Born in the UK in 1972, Duncan Jago is considered a veteran of the urban art and design community. He has been described as a pioneer of the Scrawl Movement. Growing up in the small village of Eye in Suffolk, Jago had an intense interest in graffiti, which led him to study illustration in Bristol. He graduated from the University Of The West of England in Bristol in 1998. It was there that Jago met Steff Plaetz and Will Barras, which led the way to the start of the now renowned Scrawl Collective agency. Mr. Jago’s skills lie in everything from painting and illustration to creating artwork and designs for some of the biggest international brands.

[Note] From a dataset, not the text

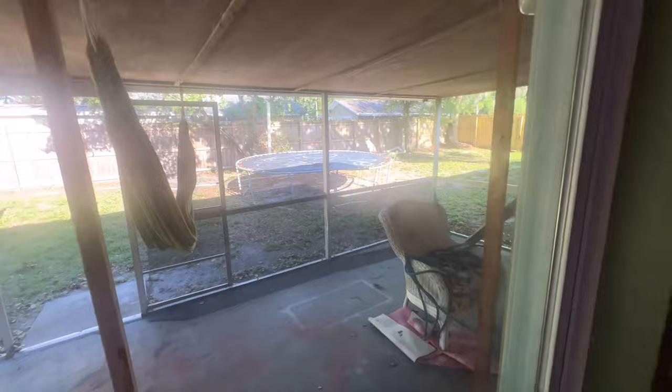Marcel, looks like you've got a trampoline, buddy. And a bat.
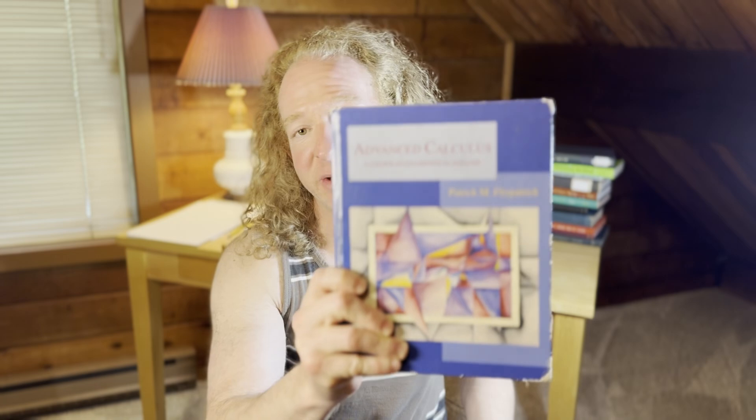Which is harder? Abstract algebra, which is the study of groups, rings, fields, and modules, or advanced calculus, also known as real analysis, where you study sequences, series, continuous functions, etc. Which is harder?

Mr. Jago’s early style that he explored during the nineties into the new millennium has undergone a prolonged and continuous process of abstraction and has evolved deliberately into his current way of working; the droid-like ﬁgures of his formative, commercial illustration slowly enveloped in ever-deepening layers of colour and shade. These ﬁgures have now become almost entirely hidden, remaining as shadowy, compositional elements, spectres lurking in the gloom behind the kaleidoscopic vapours of (what might perhaps be) humankind’s vanity and pollution. One senses a narrative, but it remains obscured, teasingly just out-of-view.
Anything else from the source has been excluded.